Data section.
○ ○ ○ ○ ○ ○ ○

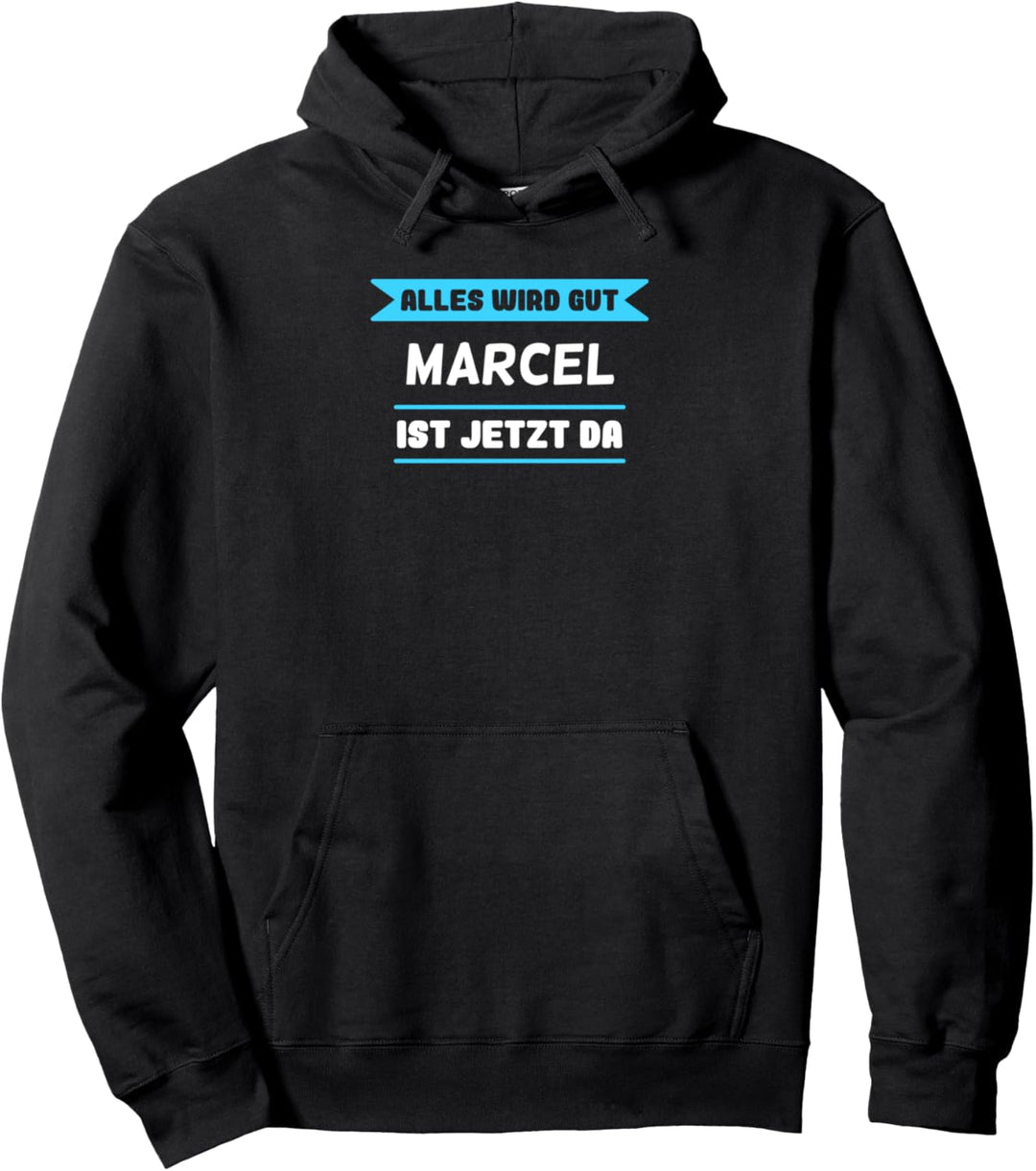 Marcel Name Design für stolze Marcels Pullover Hoodie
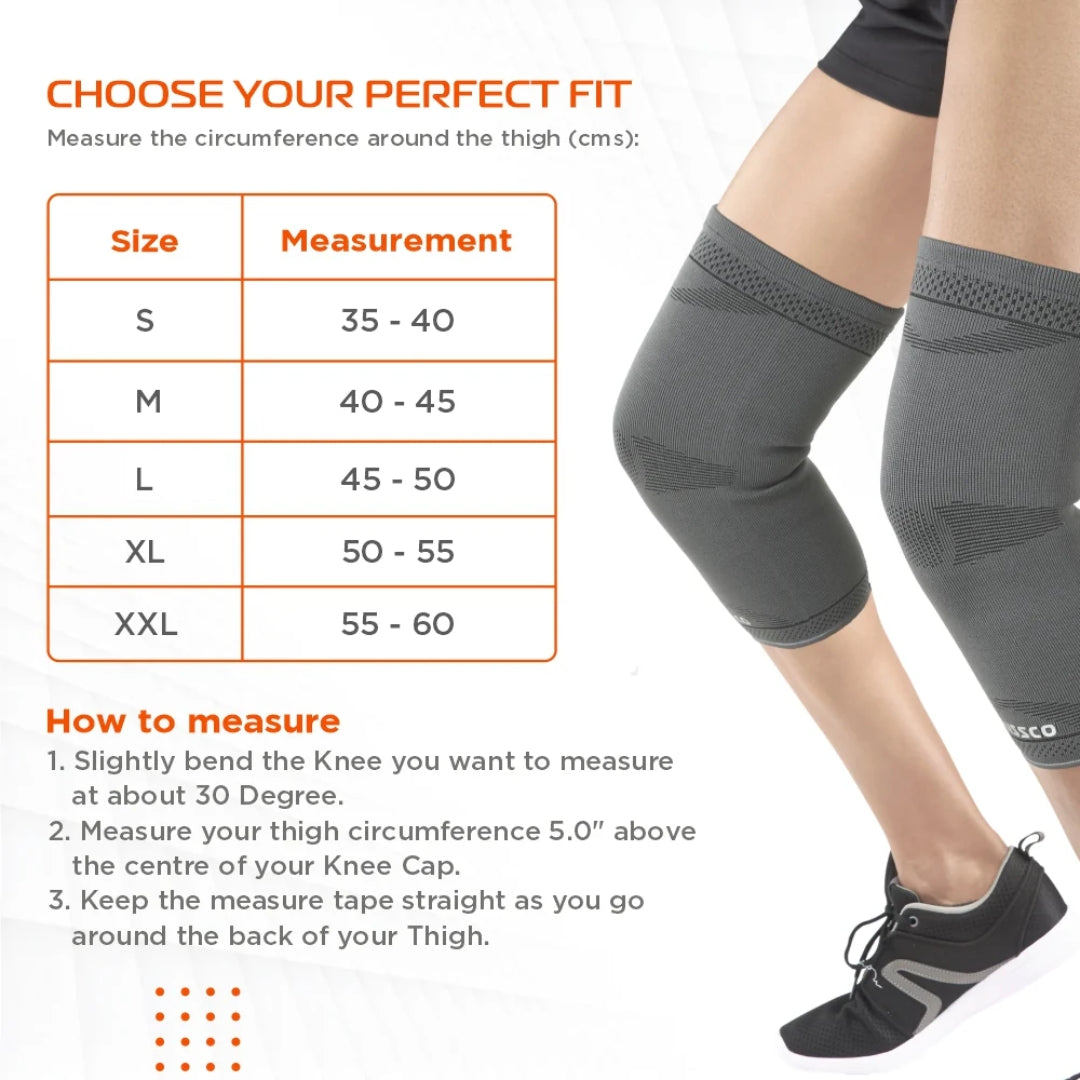 Stretchable 2D Knee Cap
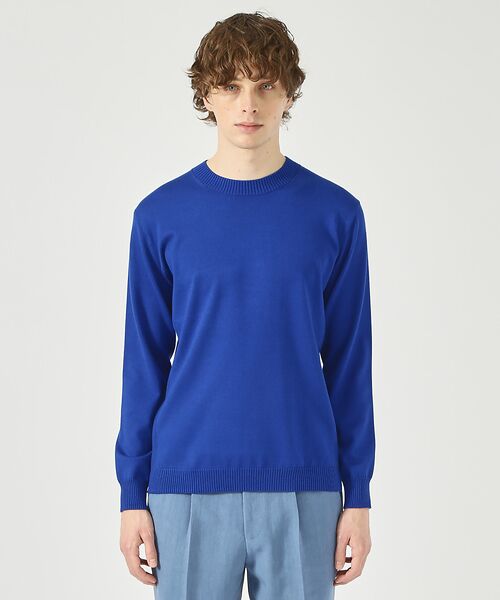 DESIGNWORKS / デザインワークス ニット・セーター | カシミヤタッチ クルーネックニット | 詳細6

○ ○ ○ ○ ○ ○ ○

The output is to be the material in full and unaltered, with pictures omitted.

Your solution.
 Marcel Name Design für stolze Marcels Pullover Hoodie
 Stretchable 2D Knee Cap
 DESIGNWORKS / デザインワークス ニット・セーター | カシミヤタッチ クルーネックニット | 詳細6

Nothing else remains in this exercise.